The truncate token filter can be used to truncate tokens into a specific length.
This can come in handy with keyword (single token) based mapped fields that are used for sorting in order to reduce memory usage.

The truncate token filter, as any token filter, is supposed to be part of an analyzer, right?
Does it mean that keyword mapped fields are being analyzed as well?
If so, where do I set an analyzer? The keyword mapping only allows search_analyzer to be set...

Please, explain how the internals look like?
Are there inverted indexes being created for each field marked as indexed (index=true) in the mapping, indeed?
What's the type of the entries of the inverted index if this is a DATE or any-NUMBER field that has been indexed?

Thanks in advance,
Kasia


(Colin Goodheart-Smithe) #2

keyword fields in 5.0 are effectively analyzed using the keyword analyzer which takes the value of the field and create a single token for the index whose text is the value of the field. At the moment, this behavbiour cannot be changed, but we do have an issue for adding the ability to set a "normaliser" to keyword fields to allow some customisation on how the token is created (such as lowercasing the value). The limitation is that the "normaliser" should always result in a single token for a given field value. the issue is here: https://github.com/elastic/elasticsearch/pull/21919

The part of the documentation is admittedly confusing since it is mixing the keyword analyzer (which can be used on text fields) with keyword field types on which you can't specify an analyzer. I have opened https://github.com/elastic/elasticsearch/issues/22650 to correct the wording here


(Kasia) #3

Hi Collin,
Thank's for your explanation.
If I understood well, you'e using keyword analyzer for keyword fields internally, but the keyword analyzer itself cannot be configured, right? To add a normalizer, I would need to configure a customized analyzer using a keyword tokenizer and some normalizing token filters... and in such a case an "analyzer" parameter would have to be enabled for the keyword fields and this is what you are working on, right?

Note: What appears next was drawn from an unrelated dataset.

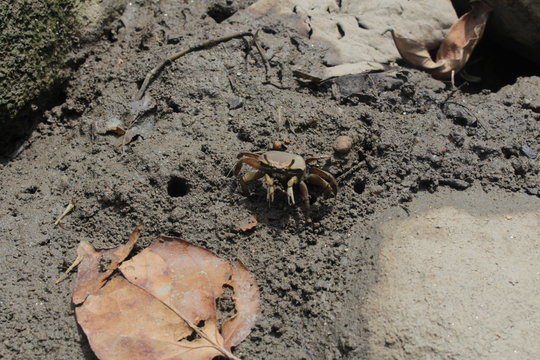 Little crab in the mud of Paraty city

Nonetheless, I still don't get the example of when the truncate token filter could be useful.
The documentation mentions sorting, but... shouldn't I rather use the doc_values if I were to sort on a keyword field? Or maybe you mean, that if I persist for some reason in sorting on a text field, truncating tokens would be helpful (but harmfull, I suppose, for the search case...), don't you?

Best regards,
Kasia


(system) #4

This topic was automatically closed 28 days after the last reply. New replies are no longer allowed.